У нас была особая часть, даже форма одежды была черная.
Мы еще смеялись, как бы нас с эсэсовцами не спутали».
Сразу по окончании войны бригада была размещена в одном из маленьких немецких городков. Вернее, в руинах, что от него остались. Сами кое‑как расположились в подвалах зданий, а вот помещения для столовой не было.
И командир бригады, молодой полковник, распорядился сбивать столы из щитов и ставить временную столовую прямо на площади городка.
«И вот первый мирный обед. Полевые кухни, повара, все, как обычно, но солдаты сидят не на земле или на танке, а, как положено, за столами.
Только начали обедать, и вдруг из всех этих руин, подвалов, щелей, как тараканы, начали выползать немецкие дети.
Кто‑то стоит, а кто‑то уже и стоять от голода не может.
Стоят и смотрят на нас, как собаки.
И не знаю, как это получилось, но я своей простреленной рукой взял хлеб и сунул в карман, смотрю тихонько, а все наши ребята, не поднимая глаз друга на друга, делают то же самое».
А потом они кормили немецких детей, отдавали все, что только можно было каким‑то образом утаить от обеда, сами еще вчерашние дети, которых совсем недавно, не дрогнув, насиловали, сжигали, расстреливали отцы этих немецких детей на захваченной ими нашей земле.

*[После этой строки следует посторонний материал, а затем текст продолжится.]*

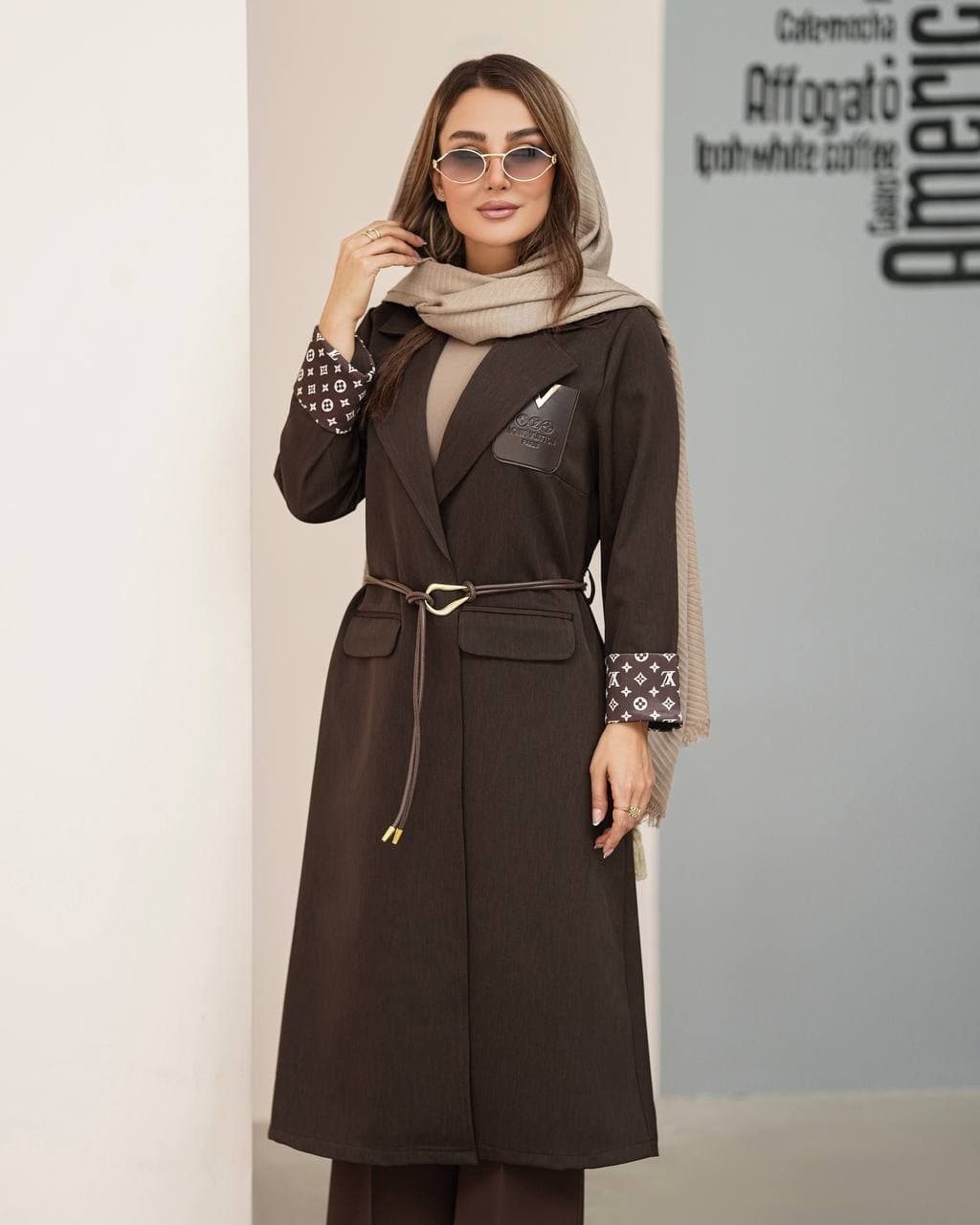 مانتو بلند زنانه یقه انگلیسی کمردار مدل پاریس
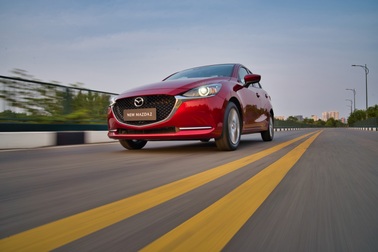 New Mazda2 tiếp cận khách hàng với đa dạng phiên bản và giá bán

Командир бригады, Герой Советского Союза, родителей которого, как и всех других евреев маленького белорусского городка, каратели живыми закопали в землю, имел полное право, как моральное, так и военное, залпами отогнать немецких «выродков» от своих танкистов.
Они объедали его солдат, понижали их боеспособность, многие из этих детей были еще и больны и могли распространить заразу среди личного состава.
Но полковник, вместо того чтобы стрелять, приказал увеличить норму расхода продуктов.
И немецких детей по приказу еврея кормили вместе с его солдатами.